In recent weeks the Coral fern and Typha areas have had days with very high temperatures. It has already been so hot and dry that last week various fires have developed in the forests. Forest fires can spread very quickly under influence of strong winds and this can lead to extremely dangerous situations. For safety reasons, people were not allowed to enter the forests for several days. The first fires have been extinguished, but new ones have originated. A large surface of the Coral fern forest has burned. The exact extent of the damage is still being determined, but it certainly will affect availability.

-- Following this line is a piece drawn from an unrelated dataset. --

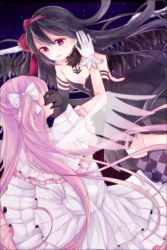 Rule 34 | 10s, 2girls, akemi homura, akuma homura, argyle, argyle clothes, argyle legwear, bare shoulders, black gloves, black hair, black wings, blurry, choker, depth of field, dress, elbow gloves, gloves, hair ribbon, hairband, hand on another&#039;s cheek, hand on another&#039;s face, highres, huziko xxxx, kaname madoka, light smile, long hair, looking at another, mahou shoujo madoka magica, mahou shoujo madoka magica: hangyaku no monogatari, multiple girls, red eyes, red hairband, red ribbon, ribbon, see-through, thighhighs, two side up, ultimate madoka, very long hair, white dress, white gloves, white wings, wings, zettai ryouiki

Last year in June enormous devastating forest fires burned large parts of the forests in the Knysna area and the home of Jenny and Rob Hamilton. This had large impact for them both financially and emotionally. It takes years for the Pine forests to recover sufficiently to allow Coral fern to grow back into the area. Hamilton has permission to harvest in large forest surfaces, which allows them to harvest good quantities. However, the minimum distances that they need to travel for harvesting are much larger than before.
On the picture you can see one of the skilled women, who just picked a nice looking bunch of Coral fern. At arrival in the area coral fern pickers disperse into the forest for harvesting. It is spring and Coral fern is growing many young shoots on top of older hardened leaves. The pickers skillfully select quality stems and remove the young leaves.